My mother would have been appalled because she was part of the "make do and mend" generation. When I was a child, new clothes were for Easter, Christmas, or birthdays. The rest of the time they were patched up and had to put in more service until they could stagger on no more.
What goes around comes around. Last April, the Levenshulme Repair Cafe opened up in a church community centre in the town to the southeast of Manchester, just for two hours on Saturday mornings. It was the second repair cafe to open in Manchester, the first one being in Chorlton; now there are five.
If you've seen Channel 4's Repair Shop show you'll know the score: people take things in and a team of experts try to make them as good as new. But while the TV show focuses on antiques and heirlooms, the Levenshulme Repair Cafe takes a more practical, pragmatic approach.
Many items have obsolescence designed into them. It's almost as if the manufacturers don't want you to fix the things you buy, preferring you to throw it in the skip when it goes wrong and buy a new one. Which is why, on October 1, the EU brought in new "right to repair" legislation.
This stops manufacturers making products, especially white goods, which are impossible to repair because the parts aren't widely available. Campaigners say the legislation doesn't go far enough, because it only makes provision for professional repairers, not the consumers themselves, to be able to get hold of the necessary parts.

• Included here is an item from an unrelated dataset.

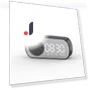 Dual Alarm Clock with Bluetooth Connection — Portable Audio, 888 Auto Parts Town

But it's certainly a step in the right direction.
While there are many jobs that the average person wouldn't dream of tackling, there is a lot that they can do with items such as furniture, bikes, clothing and toys, and the Levenshulme Repair Cafe is all about teaching people those skills as well as fixing their broken stuff.
Thanks to the activism of the likes of Greta Thunberg and Extinction Rebellion, we're becoming more aware that the fight against climate change is fought on several fronts: through legislation and action at Government level and via our own, smaller-scale, but no less important, efforts at home.
Just like people did in the 1970s and 1980s, with their string bags and shopping trolleys, before disposable consumer culture took hold.
What else could we learn from those days? How about using a lot more glass?
Mark Hall works at York-based Business Waste and he's positively evangelical about bottles. He waxes poetic about the days when milk used to be delivered in glass bottles - not plastic cartons - and after using it you'd wash out the bottle, put it on the step and the milkman would collect and reuse it.
Hands up if you're old enough to remember the bottle deposit scheme? This was when you bought a bottle of soft drink from a local shop and there would be a few pence extra charge, which was refunded when you took the empty back to the shop.
It was a much better system than having all these plastic bottles that get dumped in hedgerows, or landfill sites.
Even if adults couldn't be bothered to take bottles back to the shop, it was quite a lucrative business for kids, collecting empties and taking them back and making extra pocket money.
Incentivising recycling always has positive effects. Many years ago, I visited Osaka in Japan and went to a bar that sold beer in cans. When you'd finished you put your empty can in a slot in a huge one-armed bandit, pulled the handle and, if you got a winning combination on the reels, you won a free beer.
There are a lot of lessons we can learn from the previous generation that tick boxes when it comes to making choices for a more sustainable future.
A lot of them - fixing up broken things, repairing clothes, deposits on fizzy drink bottles - might have been driven by economic, rather than ecological reasons, but the end result is the same.
And it wouldn't surprise me if there's a hipster fish-and-chip takeaway out there offering a small discount for anyone who brings in their own dishes and a tea towel to collect their food.